2). Ruhal-Ma’ani (Jiwa-jiwa Makna al-Qur’an), dengan muallif (pengarang) al-Allamah Syihab al-Din al-Alusi (w. 1270 H/ 1853 M). 
3. Tafsir isyari
Tafsir bi al-Isyarah adalah menjelaskan ayat-ayat al-Qur’an dengan isyarat-isyarat batin yang terpancar dari para sufi, pengikut tarekat atau orang yang bersih hatinya.
Para ulama berbeda pendapat mengenai boleh tidaknya menggunakan tafsir ini. Sebagian membolehkan dan sebagian lainnya mengharamkan. Kelompok yang membolehkan :
a). Makna batinnya tidak bertentangan dengan makna zahir Al-Qur’an.
b). Penafsirannya tidak mengklaim bahwa hanya penafsiran baitinnya yang paling benar, tanpa mempertimbangkan makna tersurat. 
c). Penafsirannya tidak jauh melenceng dari makna dasarnya.
d). Hasil penafsirannya tidak bertentangan dengan hukum Syar’i maupun akal. 
e). Hasil penafsirannya didukung dengan dalil-dalil syar’i lainnya.
Sementara kelompok yang mengharamkan tafsir isyari mengungkapkan bahwa tafsir ini hanya berdasarkan asumsi –asumsi yang sangat subjektif sehingga hasil penafsirannya jauh dari kebenaran dan pada titik tertentu barakibat pada subjektivitas atau bahkan relativitas makan Al-Qur’an.Karena itu, Az-Zarkasyi misalnya mengatakan bahwa pendapat para sufi terkait dengan ayat-ayat Al-Qur’an bukanlah tafsir atasnya, tapi ia adalah makna, rasa dan kesan yang mereka peroleh ketika membaca dan berinterkasi secara intens dengan Al-Qur’an.
a. Contoh penafsiran tafsir bi Isyari
Tafsir al-Isyari harus ditolak (mardud) ialah tafsir yang menyalahi salah satu dari syarat-syarat penerimaan tafsir al-isyari  di atas. Di antara contohnya ialah penafsiran aliran al-bathimmiyah yang menafsirkan kata baqaratun (بقر ة) dengan nafsu binatang dalam ayat :(al-Baqara (2): 67).

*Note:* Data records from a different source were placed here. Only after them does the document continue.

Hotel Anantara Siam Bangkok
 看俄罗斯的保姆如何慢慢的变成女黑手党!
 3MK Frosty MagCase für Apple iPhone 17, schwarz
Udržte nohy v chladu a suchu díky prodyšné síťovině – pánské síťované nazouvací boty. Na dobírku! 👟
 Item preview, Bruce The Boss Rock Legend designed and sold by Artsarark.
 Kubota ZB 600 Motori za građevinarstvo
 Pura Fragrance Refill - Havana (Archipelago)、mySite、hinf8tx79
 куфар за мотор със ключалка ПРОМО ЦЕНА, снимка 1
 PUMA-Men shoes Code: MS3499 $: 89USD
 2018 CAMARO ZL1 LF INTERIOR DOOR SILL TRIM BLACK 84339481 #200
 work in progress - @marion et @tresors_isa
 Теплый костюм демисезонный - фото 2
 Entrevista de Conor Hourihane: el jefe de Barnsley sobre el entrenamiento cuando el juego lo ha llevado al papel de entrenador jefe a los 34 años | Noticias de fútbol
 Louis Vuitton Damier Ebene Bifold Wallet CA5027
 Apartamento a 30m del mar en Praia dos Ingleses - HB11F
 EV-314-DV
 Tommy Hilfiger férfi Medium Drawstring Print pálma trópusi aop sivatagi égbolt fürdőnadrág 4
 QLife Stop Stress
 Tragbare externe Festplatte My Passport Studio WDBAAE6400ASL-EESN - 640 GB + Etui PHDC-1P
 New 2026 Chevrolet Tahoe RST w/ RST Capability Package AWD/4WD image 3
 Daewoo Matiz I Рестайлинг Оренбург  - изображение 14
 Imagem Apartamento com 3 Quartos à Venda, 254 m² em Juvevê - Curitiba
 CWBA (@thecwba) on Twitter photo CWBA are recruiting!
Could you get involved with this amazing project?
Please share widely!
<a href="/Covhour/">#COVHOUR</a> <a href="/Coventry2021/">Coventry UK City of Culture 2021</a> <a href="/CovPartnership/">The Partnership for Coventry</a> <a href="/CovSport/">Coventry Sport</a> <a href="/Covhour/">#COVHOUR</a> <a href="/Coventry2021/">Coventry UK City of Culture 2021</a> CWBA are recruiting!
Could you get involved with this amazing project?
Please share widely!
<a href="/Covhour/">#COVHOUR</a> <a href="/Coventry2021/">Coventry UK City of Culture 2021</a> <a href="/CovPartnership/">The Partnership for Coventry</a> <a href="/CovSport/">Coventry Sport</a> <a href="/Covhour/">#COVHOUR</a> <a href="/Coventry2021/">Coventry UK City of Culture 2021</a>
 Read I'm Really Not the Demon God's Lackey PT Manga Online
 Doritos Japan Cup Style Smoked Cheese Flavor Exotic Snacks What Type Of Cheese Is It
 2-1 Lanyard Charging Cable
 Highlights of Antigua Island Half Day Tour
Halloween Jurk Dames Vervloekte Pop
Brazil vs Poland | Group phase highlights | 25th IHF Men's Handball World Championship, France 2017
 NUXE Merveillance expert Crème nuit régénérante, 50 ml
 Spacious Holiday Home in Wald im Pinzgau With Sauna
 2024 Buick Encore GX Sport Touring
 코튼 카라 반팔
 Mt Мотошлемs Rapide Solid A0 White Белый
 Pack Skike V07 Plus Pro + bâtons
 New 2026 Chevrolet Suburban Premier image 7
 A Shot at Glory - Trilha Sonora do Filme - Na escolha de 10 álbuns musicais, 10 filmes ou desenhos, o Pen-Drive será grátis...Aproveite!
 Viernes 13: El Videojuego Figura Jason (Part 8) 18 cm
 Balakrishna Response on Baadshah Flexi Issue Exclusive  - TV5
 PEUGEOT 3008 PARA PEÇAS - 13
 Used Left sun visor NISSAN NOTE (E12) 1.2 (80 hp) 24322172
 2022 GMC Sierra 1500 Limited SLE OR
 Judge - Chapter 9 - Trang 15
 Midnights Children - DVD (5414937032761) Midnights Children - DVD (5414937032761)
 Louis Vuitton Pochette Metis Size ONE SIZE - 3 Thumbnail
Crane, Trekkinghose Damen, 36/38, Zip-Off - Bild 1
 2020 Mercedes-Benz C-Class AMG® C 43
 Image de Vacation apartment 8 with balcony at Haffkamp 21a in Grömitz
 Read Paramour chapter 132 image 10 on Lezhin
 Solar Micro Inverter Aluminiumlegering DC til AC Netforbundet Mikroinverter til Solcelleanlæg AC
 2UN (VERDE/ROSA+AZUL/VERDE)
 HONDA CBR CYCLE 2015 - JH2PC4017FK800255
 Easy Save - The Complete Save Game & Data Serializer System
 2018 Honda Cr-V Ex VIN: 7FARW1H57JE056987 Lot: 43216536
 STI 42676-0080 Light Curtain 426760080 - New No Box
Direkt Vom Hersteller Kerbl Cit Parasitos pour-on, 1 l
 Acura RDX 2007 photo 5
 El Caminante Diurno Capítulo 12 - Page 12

•
Artinya : Dan (ingatlah), ketika Musa berkata kepada kaumnya: "Sesungguhnya Allah menyuruh kamu menyembelih seekor sapi betina." mereka berkata: "Apakah kamu hendak menjadikan Kami buah ejekan?"[62] Musa menjawab: "Aku berlindung kepada Allah agar tidak menjadi salah seorang dari orang-orang yang jahil". (Al-Baqara (2): 67).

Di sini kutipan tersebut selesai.